S’il me faut défendre le château,
je n’ai pas le temps de vieillir.
Je n’ai pas le temps de vieillir.
Je sais bien qu’un jour la Parque,
la grande putain du bordel,
me fera monter dans sa barque,
mais je veux lui montrer que je sais
représenter le dernier acte
avec la force du premier
et avec ma jeunesse intacte.
Jusqu’à ce que je tombe de l’affiche,
je n’ai pas le temps de vieillir.
IL Y A UNE PLACE À TERRASSA (NOUVELLE VERSION)
Il y a une place à Terrassa (*)
tendre, folle et décadente,
un place avec beaucoup d’adresse
pour y entasser les gens.
Stratégiquement, elle se met au milieu
d’un beau repaire d’humains
et avec une anarchique fringale
elle gobe les piétons.
Quand le soir étend ses bras
et que le vent emporte le soleil,
un panier de culs et de nez
remplit les bancs et le trottoir,
et un brouillard de mots
et une fumée végétale
ornent les vieilles salles de classe
de l’école buissonnière de l’asphalte.
Un vieux bar
avec de la tachycardie, bombe gentiment
un sang qui jumelle le cognac
avec le pastis
et fabrique des anticorps d’anisette.
Le Priorat (**)
cause avec le rhum et avec un café au lait,
tandis que les serveurs et les clients valsent
le long d’espaces inexistants.
Il y a une place à Terrassa
-je l’ai déjà dit il y a quelques instants-,
une place qui transperce
la raison et les arguments.
Éclaboussée par les yeux des filles
par dessus et sur les côtés,
elle devient un immense bouquet
de couleurs insoupçonnées.
Des blousons endeuillés
se mélangent, insolents,
avec des barbes bouclées
et des poitrines naissantes,
tandis que l’écho d’une cloche
transforme soudain en oiseau
la puissante voix bartrienne (***)
qui nous arrive de la Torre del Palau (****)
Le lendemain,
vous y verrez des grands-parents bavarder peinards
tandis que les expertes en l’art du crochet
regardent d’un oeil
que l’enfant ne tombe pas.
Et tout près
une église pardonne les jurons
prodigués par l’herbe dans la tête
de quelques jeunes folâtres..
Si vous passez par une place
du Vallès Occidental (*****)
et vous voyez que, avec maladresse,
appuyé à un réverbère,
il y a encore la présence
insolente et à l’oeil féroce
de mon adolescence
laissée de côté par le bon sens,
buvez une bière ensemble
et parlez du temps qui s’enfuit,
tirez sur la tristesse
jusqu’à brûler la dernière cartouche.
Et, sans avoir l’air d’y penser,
partagez un rêve en or,
que personne ne trouve gênante
une place intransférable au fond du coeur.

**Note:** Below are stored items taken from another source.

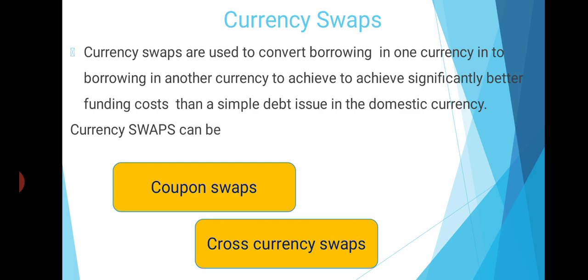That is all about the three kinds of swaps. We have already discussed interest rate swaps and currency swaps, and the combination of these means a combination of interest rate and currency swaps. With that, let us conclude the first module. Please go through the first module, and if you have any queries, please raise them. Thank you.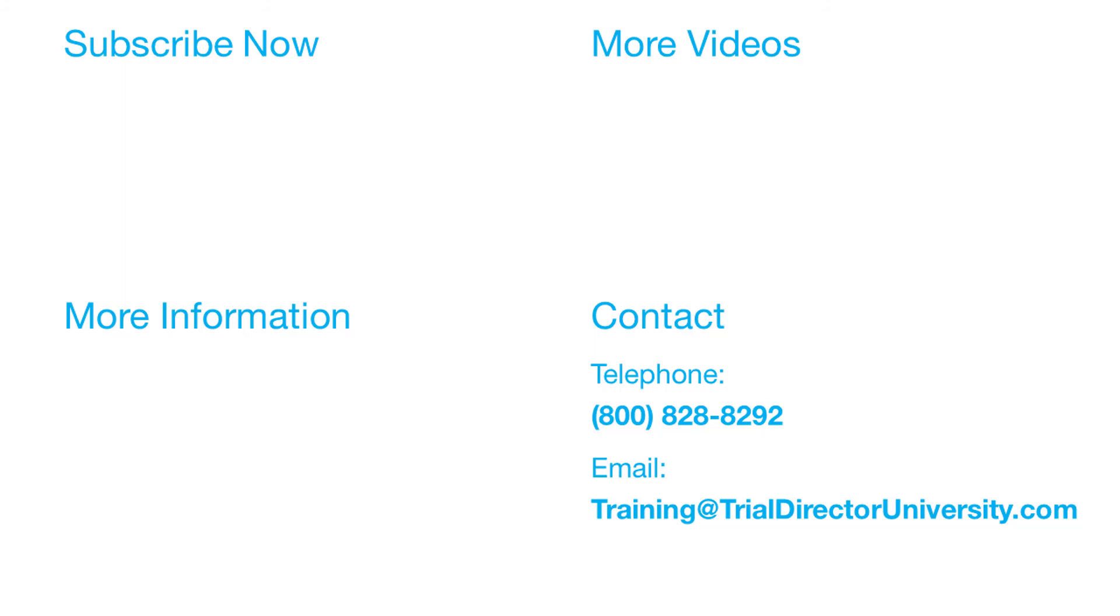Thank you for watching. If you found this video helpful, subscribe to our channel for all the latest Trial Director content.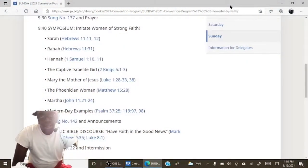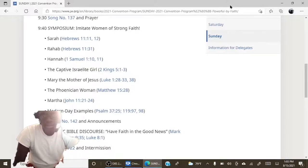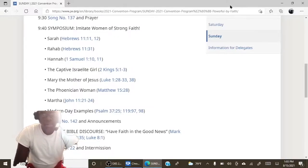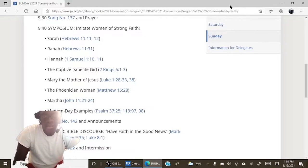I really like the public Bible discourse about having faith in the good news because it really teaches me the importance of putting strong faith in Jehovah's promises because he made promises that were not only that came true but were also 100% accurate.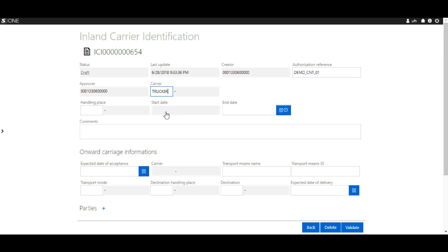You will then fill out the handling place, which is the terminal where the container will be collected from.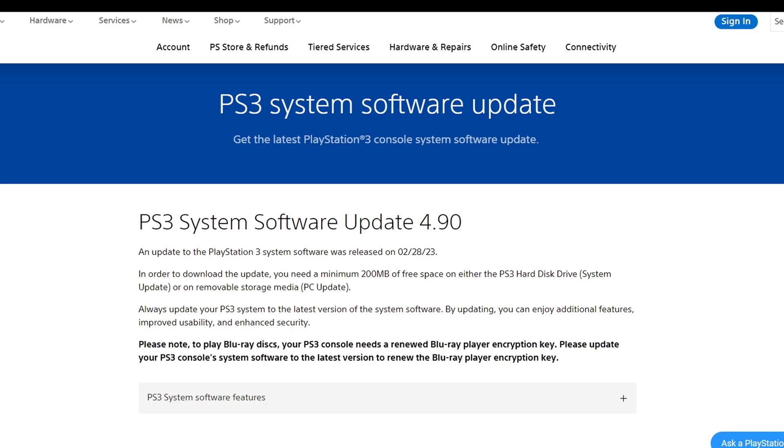What's going on guys, in this video I'm going to show you how to install the PS3 system update in RPCS3. Also, if you would like to see my RPCS3 setup guide, link in the description below. So let's go ahead and head on over to playstation.com.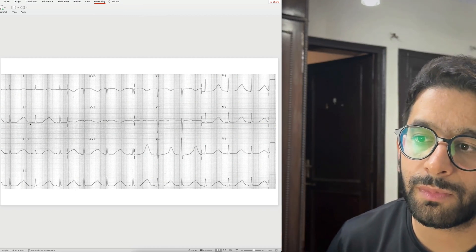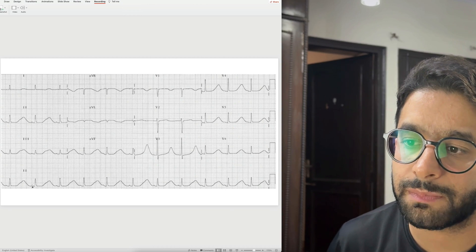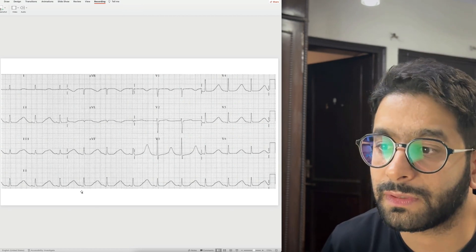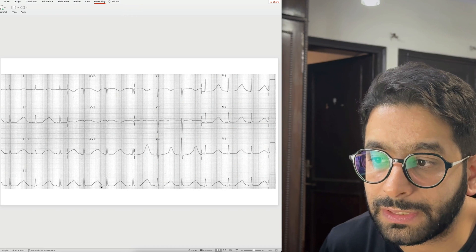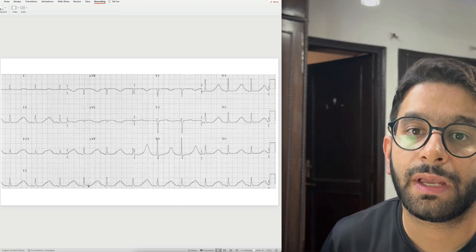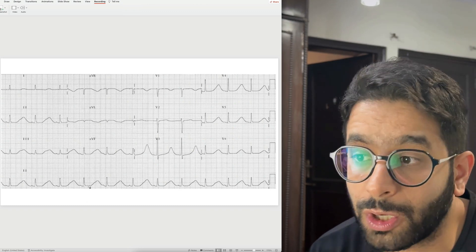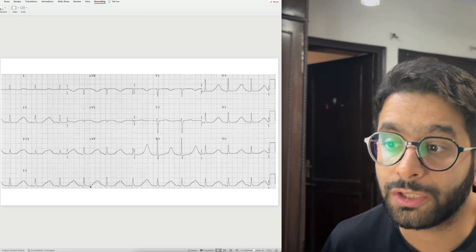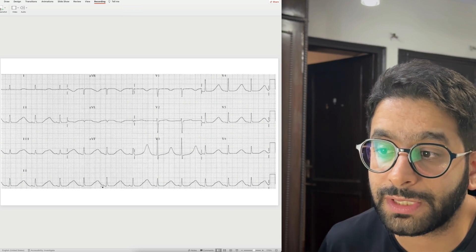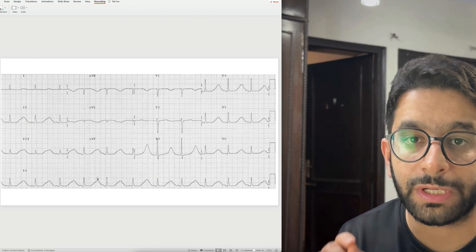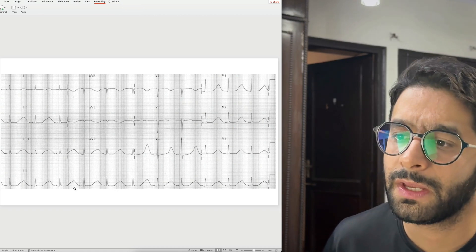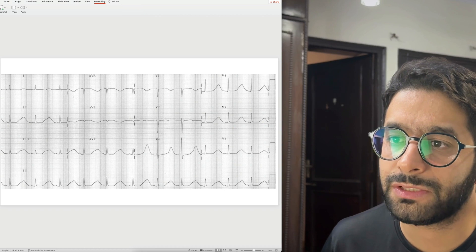This ECG looks normal — P-QRS-T, P-QRS-T — the ST segments are neither elevated nor depressed. What is wrong here is the QT interval: from the start of the QRS complex to the end of the T wave, look how prolonged it is. If the QT exceeds half of the RR interval, you should be worried that this is likely a prolonged QT. Otherwise you should be checking the corrected QT interval using the Bazett's formula. QT prolongation can lead to fatal arrhythmias.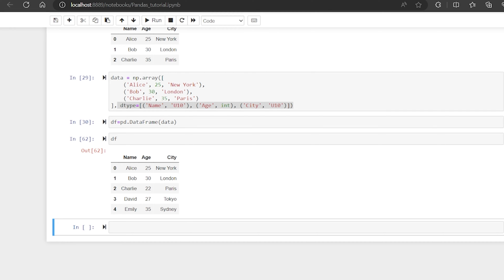Hello everyone, my name is Sumit Kumar and welcome back to my channel. In my previous video we already learned how to create a DataFrame with different methods and we already learned about what is a Series. In this video I will show you how you can get data from a DataFrame using rows and columns.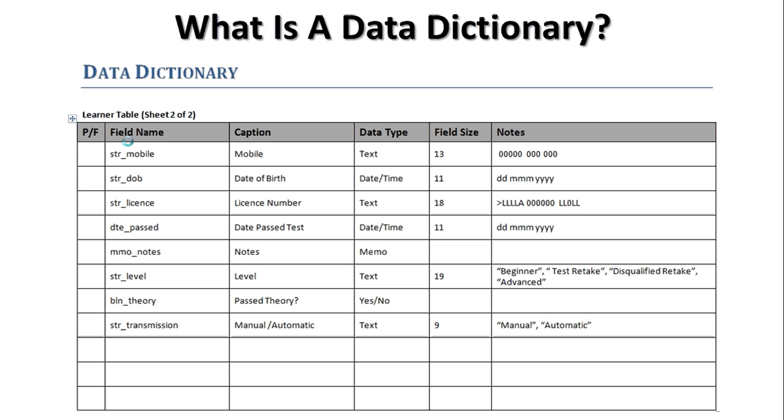So you can only choose from those four. It will be a selection process that the person will go through, but they must define it as 19, because that's the longest part. The next one is a yes-no field, and this is the passed theory part. Basically, have you passed your theory, yes or no. So there's nothing else to define. The field size doesn't matter. There's no notes for this. It's simply set to yes-no. That will actually give you a little tick box to put in on your form. The last part is the manual automatic. Notice I've called it str_transmission, but the caption is exactly as it appeared on Andy Brake's form. The data type is text, and just like level, I have choices. In this case, only two choices. Manual, automatic.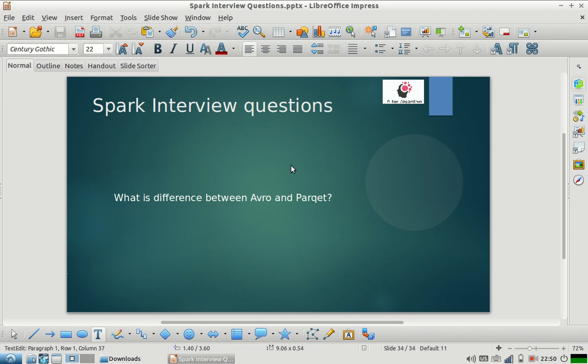These are some of the advantages of using Parquet and these are the differences between Avro and Parquet. I hope this video was useful. Please post your questions if you have any doubts - I'll be very happy to answer those. Please subscribe to our channel and share the video with your friends. Thank you.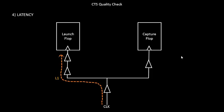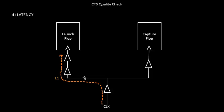So let us try to calculate the latency in this case. Let's say from clock to this particular launch flop clock endpoint, the latency is L1 and the value of L1 is like 3 buffer delays plus 1, 2, 3, 4 wire delays. So you have the latency L1 as marked in this particular slide, so it's 3 buffer delays plus 4 wire delays.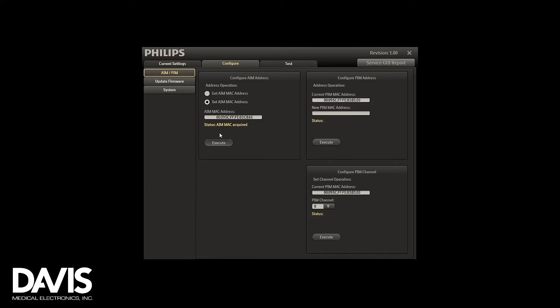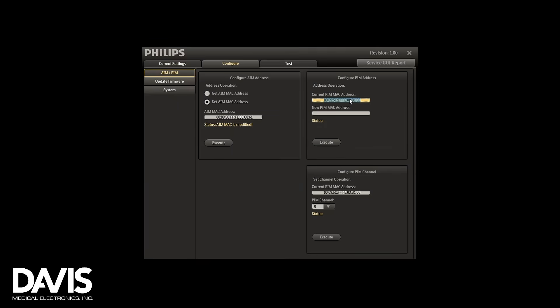Next, to configure the PIM module, type in the Mac address located behind your patient module. Make sure that the module is turned on.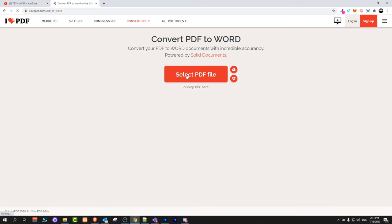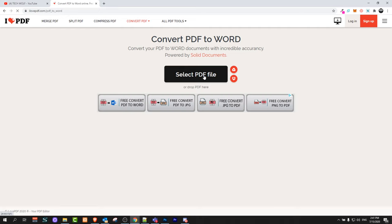Once redirected to this page, simply click select PDF file and choose it from your computer. After you've selected it, you'll be able to convert it to a Word document.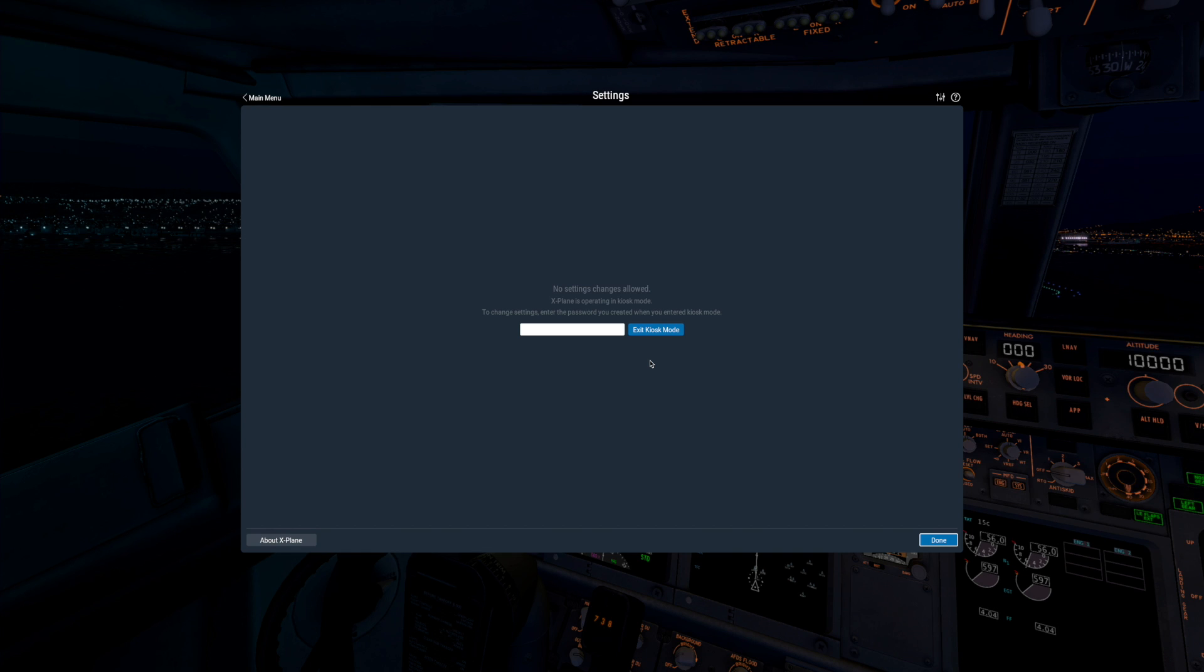Now that Kiosk Mode is active, no preference changes are allowed at all. This includes everything in settings, as you can tell there are no more options on screen we can adjust. And it also means that X-Plane won't save things like the last used aircraft or the last known location across the restarts of the sim.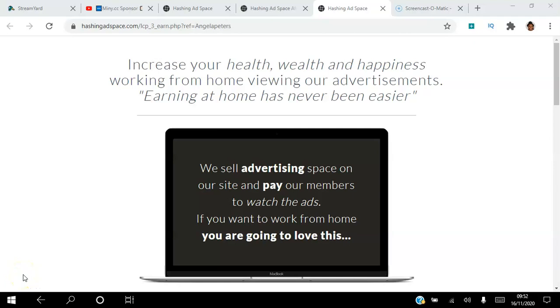Hello there and welcome to this Hashing Adspace tutorial. I'm Angela and in this video I will be reviewing the Hashing Adspace affiliate program. Be sure to subscribe to my YouTube channel and hit that notification bell so you don't miss out on more training from me. If you are looking to increase your health, wealth, and happiness working from home, then click the link in the description.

(*) Terrassa: grande ville à une trentaine de kms. de Barcelone.
(**) Vin catalan
(***) Agustí Bartra, poète Catalan qui après des années d’exili en Fraice et au Mexique, s’est
installé à Terrassa jusqu’à sa mort.
(****) La Tour du Palais, vestige d’un ancien château médieval.
(*****) La «comarca» (région catalane) où se trouve Terrassa.
BRIBES DE VIE
Eh bien, je suis né à Madrid et Terrassa m’a adopté.
et l’enfance passe
avant de vous en rendre compte.
Et j’ai vu décoller un certain Carrero Blanco (*),
et quand Franco a crevé
j’étais un adolescent.
J’ai commencé à faire des chansons, je ne sais pas comment ni pourquoi,
en faisant des mots une bougie, et de la musique la mèche.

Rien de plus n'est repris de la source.